AI is still in its early days. Its core infrastructure is still being developed. That core infrastructure is not like a sports arena–built and updated every 25 years. No, once built, there is constant demand to make it faster and more efficient. To do that more chips–faster more efficient ones–are required. Think about your smartphone or computer. It felt so fast when you got it, but over time as the applications got more complicated, the old hardware became quickly outdated. This analogy can be applied to AI infrastructure, which is only at the beginning of its many-years-hence growth cycle. At the core of that is NVIDIA and any of its competitors. There are some, but no one comes even close–NVIDIA is a clear winner with a large headstart and mote.

 

So what can go wrong? We have established that it is a leader in a rapidly growing market. Well, regulations can hamper growth. We have witnessed that with the company’s H20 chip sales to China being restricted.

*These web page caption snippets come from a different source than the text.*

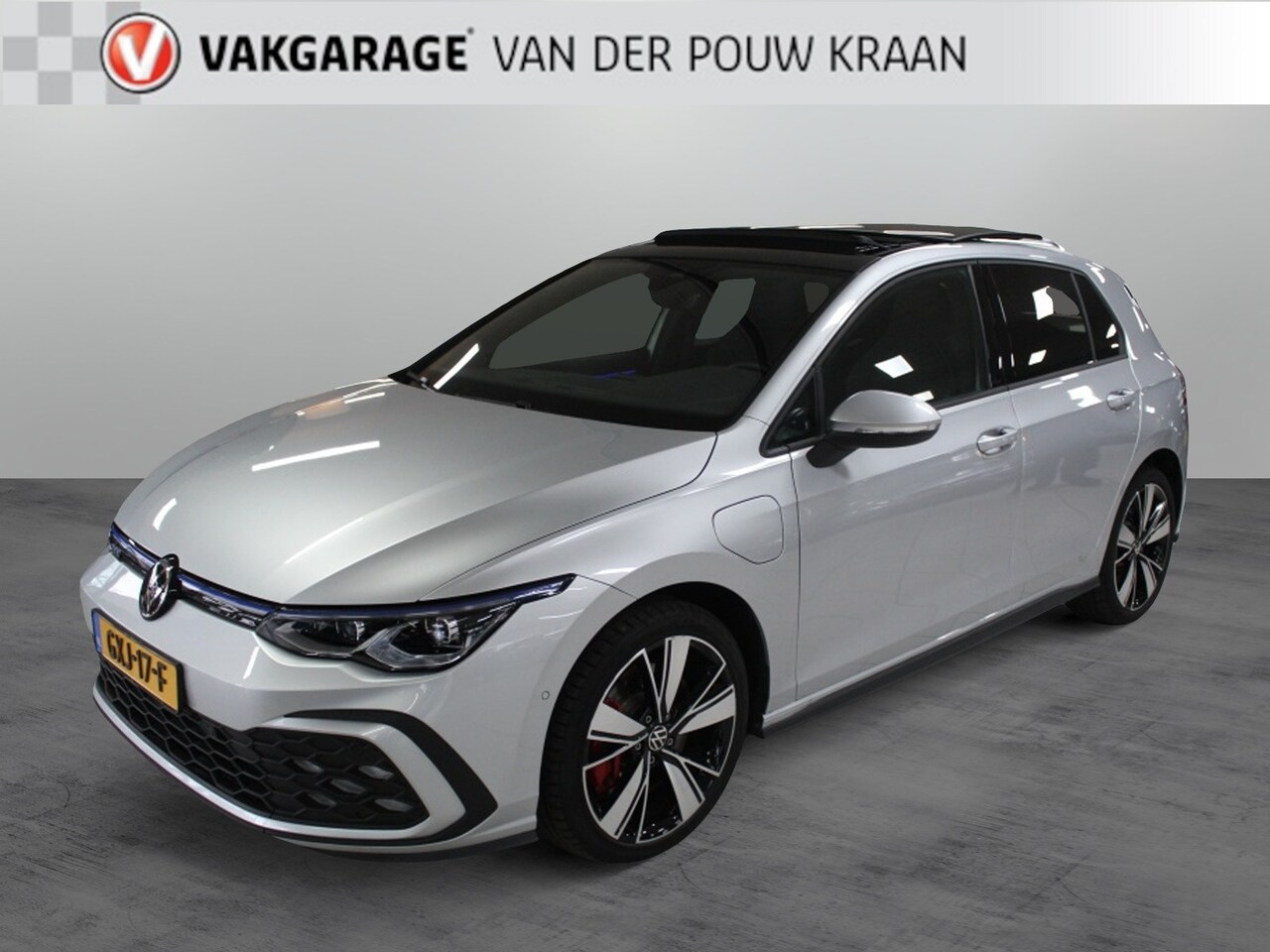 Volkswagen Golf - 1.4 eHybrid GTE 245PK IQ Light Panoramadak - AutoWereld.nl
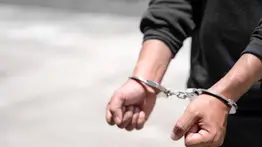 Confiesa su participación en ataques extorsivos: cae venezolano con explosivos, armas y drogas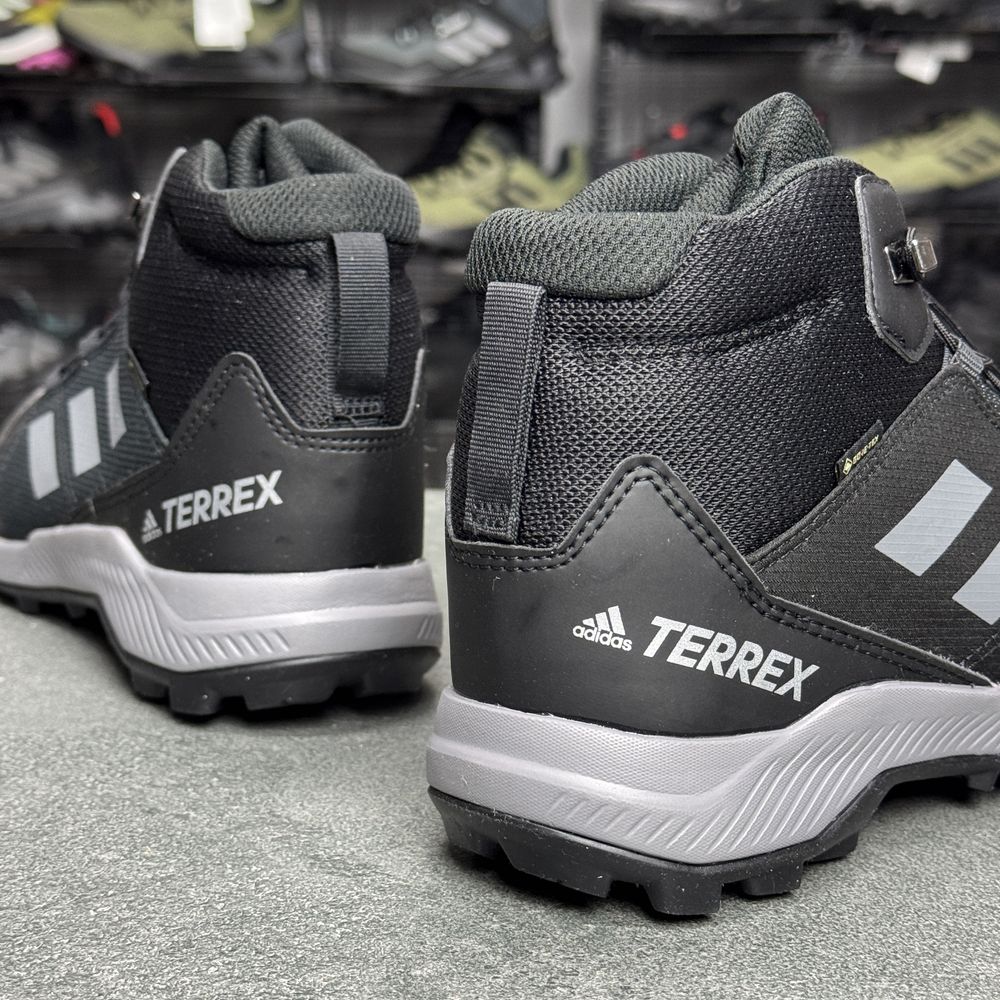 ОРИГІНАЛ 100% Adidas Terrex Gore tex EF0225 /37 р непромокають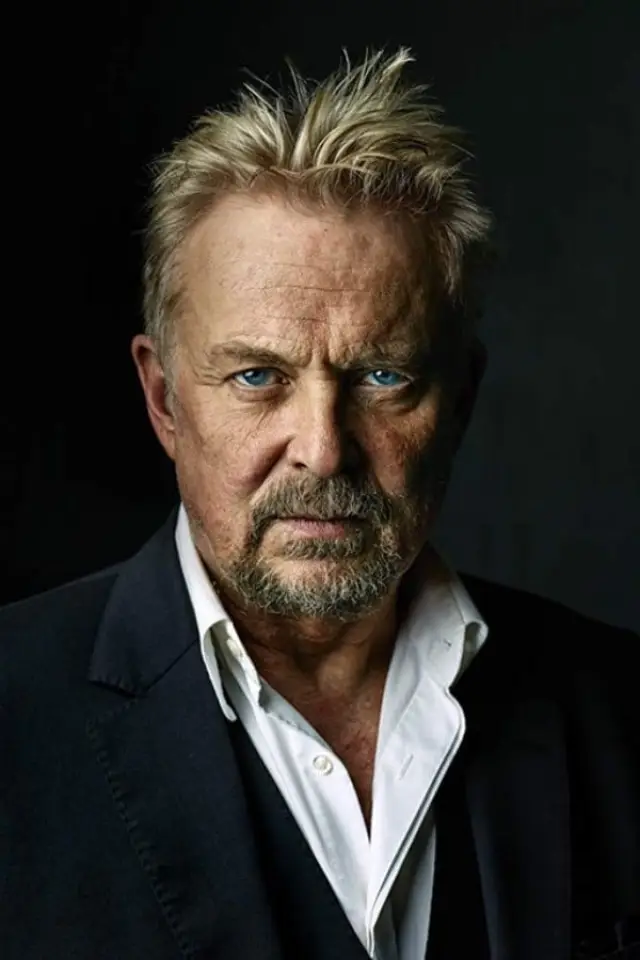 Фото Деннис Сторхой (Dennis Storhøi)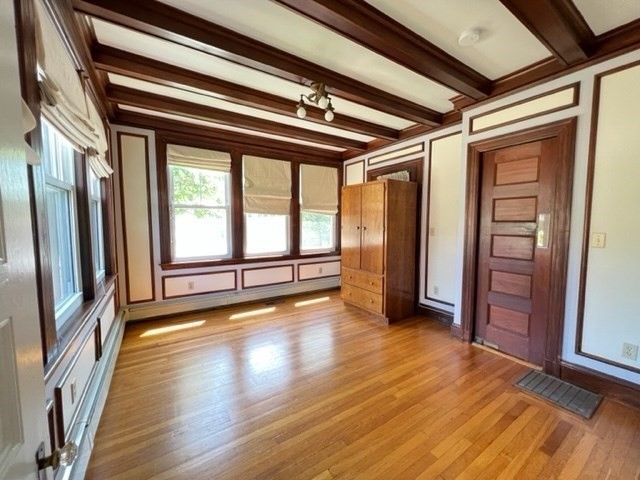 65 Oak St. 1, Newton, MA 02464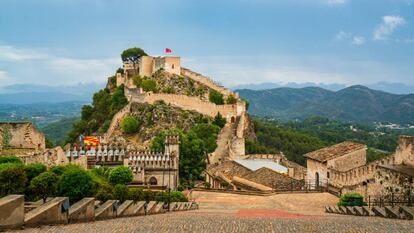 A la izquierda, el castillo de Xàtiva (Valencia).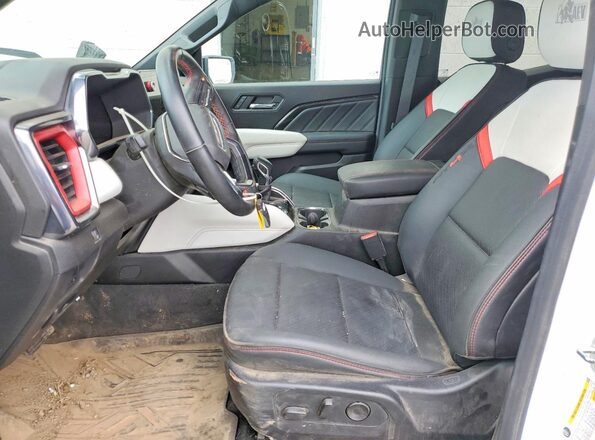 1GTP6EEK1R1127934 2024 GMC CANYON White წინა სალონის ხედი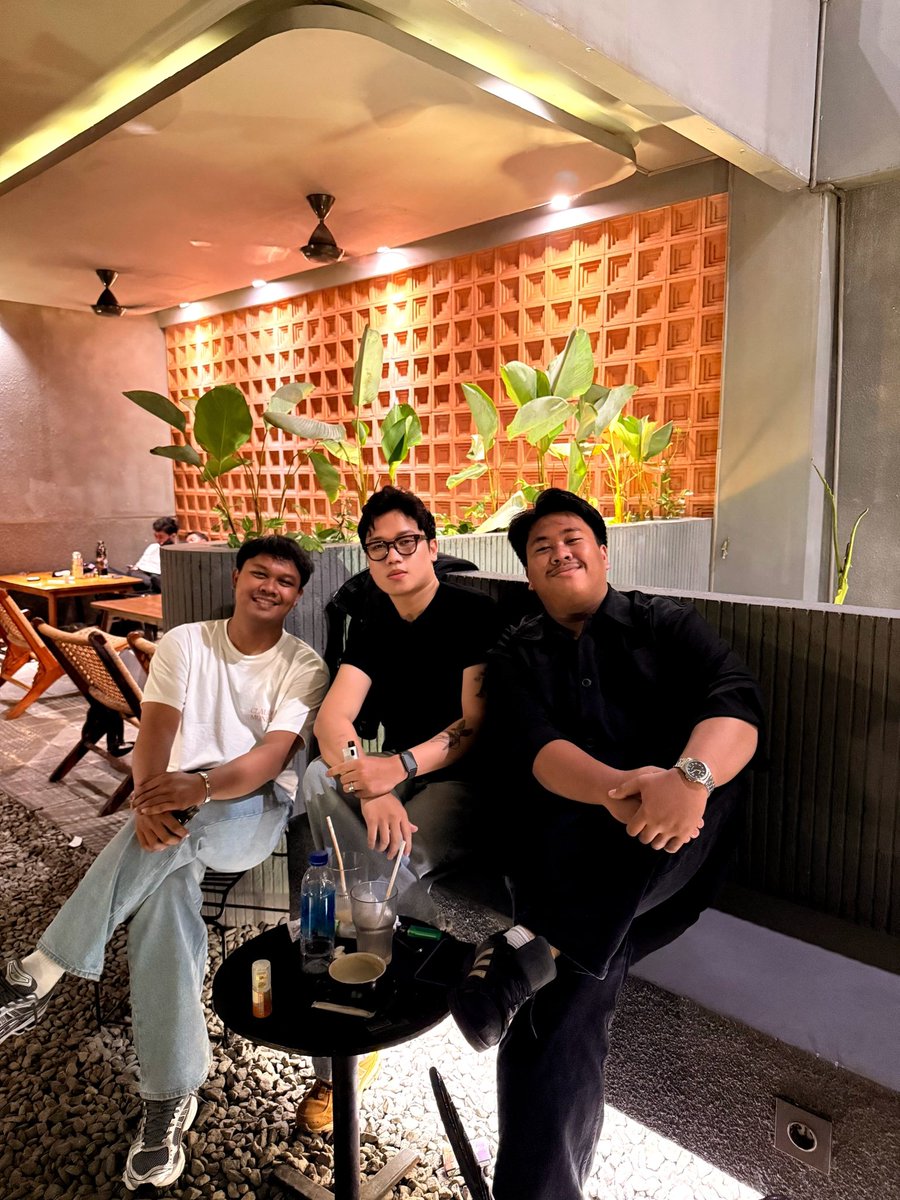 CryBabyCryGod's tweet photo. Brobro https://t.co/GD8B0y9cEW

Despite workarounds being proposed by the administration, the restrictions will ultimately impact the company’s earnings. But wait, the company removed all H20 sales from its models, and it still has the healthy prospects we love. If the company finds a resolution, it is only upside–a put. Also, bear in mind, the company’s competitors will be limited by the same restrictions. Folks, there are really only 2 things that can go wrong with this scenario: a management slip up or a technological failure.

 

Management will have to continue delivering on the high expectations of its customers not only on delivery of existing orders but on the evolution of the technology. To date, the current products appear to be operating as promised. Big market: ✅, early stages of growth ✅, market leader: ✅, competent management: ✅, high barriers to competition: ✅, technology performance: ✅. Challenges: regulatory. My friends, I think that it is safe to say that a solid investment thesis on NVIDIA still holds. This is no bridge for sale! 

 

Will it last forever? Of course not, we all know that carrying capacity is out there in the future, but we are not there yet–nowhere near. You wanna sit and wait for it? Be my guest, look around the globe for stocks which offer similar, credible upside opportunities and call me when you find some.

 

YESTERDAY’S MARKETS

Stocks gained yesterday as optimistic investors awaited NVIDIA's earnings announcement. The optimism was enough to drive the S&P 500 to a fresh high. And to think, just a week ago, the media was talking about an AI Winter.